Permanent residency allows an international employee to live and work in the U.S. indefinitely.

Georgia College will support a petition for Employment-Based Permanent Residency only under the following conditions:

  • The applicant’s education and experience are in the same field of study as the position in which they will be doing instruction or administration.
  • The applicant’s education and experience are commensurate with the job description for similar positions across the university and the University System of Georgia.

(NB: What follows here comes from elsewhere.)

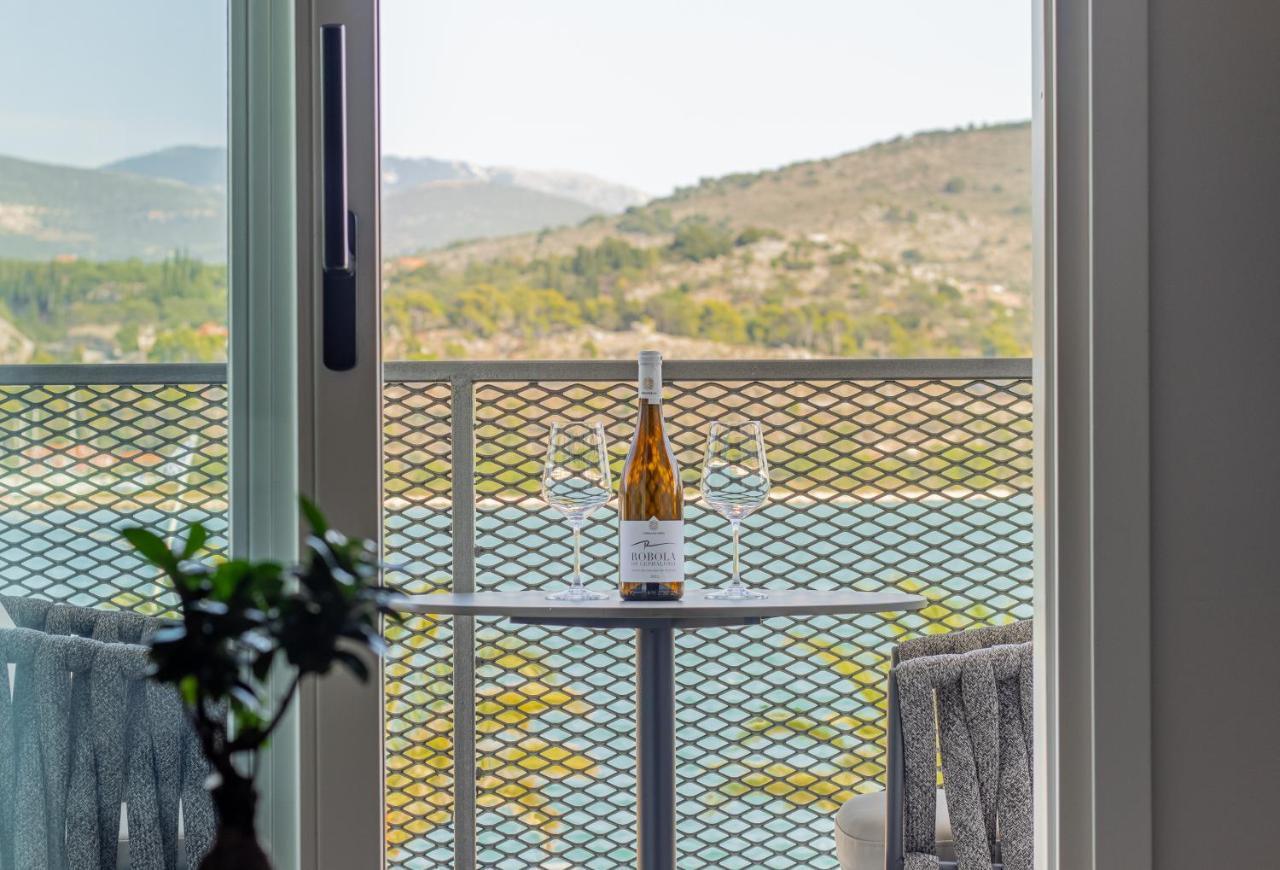 Chelmis Sea Front Apartments - Atlantis Argostoli  Bagian luar foto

Employment based immigration is one of the most common ways to obtain permanent residency. Georgia College will process permanent residency for an international employee upon sponsorship approval from the provost. The department must be in full support of any permanent residency request prior to the Office of Legal Affairs committing to the process, and no petition will be initiated without express written consent from the department chair, approved by the dean and final university approval granted by the provost. Beneficiaries of permanent residency petitions may opt to hire outside counsel to assist with their petitions, but under no circumstances will Georgia College cover the expense or be under any obligation to follow the advice of outside counsel. Although counsel may be sought, the immigrant petition (the I-140) itself must be filed by Georgia College not outside immigration counsel.

 The permanent residency process is a two application process. The initial I-140 immigrant petition is completed by the sponsoring employer – Georgia College. The subsequent I-485 change of status petition is completed by the employee. The I-140 and I-485 can be filed concurrently in some cases if employment based visa numbers are readily available (see the Department of State’s Visa Bulletin). If not, the I-485 cannot be filed until the I-140 has been approved and the applicant’s – priority date is current. Additional forms associated with the I-485 include the I-131 Advance Parole form and the I-765 Employment Authorization form. These are also completed by the employee.

Forms and Documents

Immigration Handbook (pdf)

Department Application for Permanent Residency Sponsorship (link) or

Department Application for Permanent Residency Sponsorship (pdf)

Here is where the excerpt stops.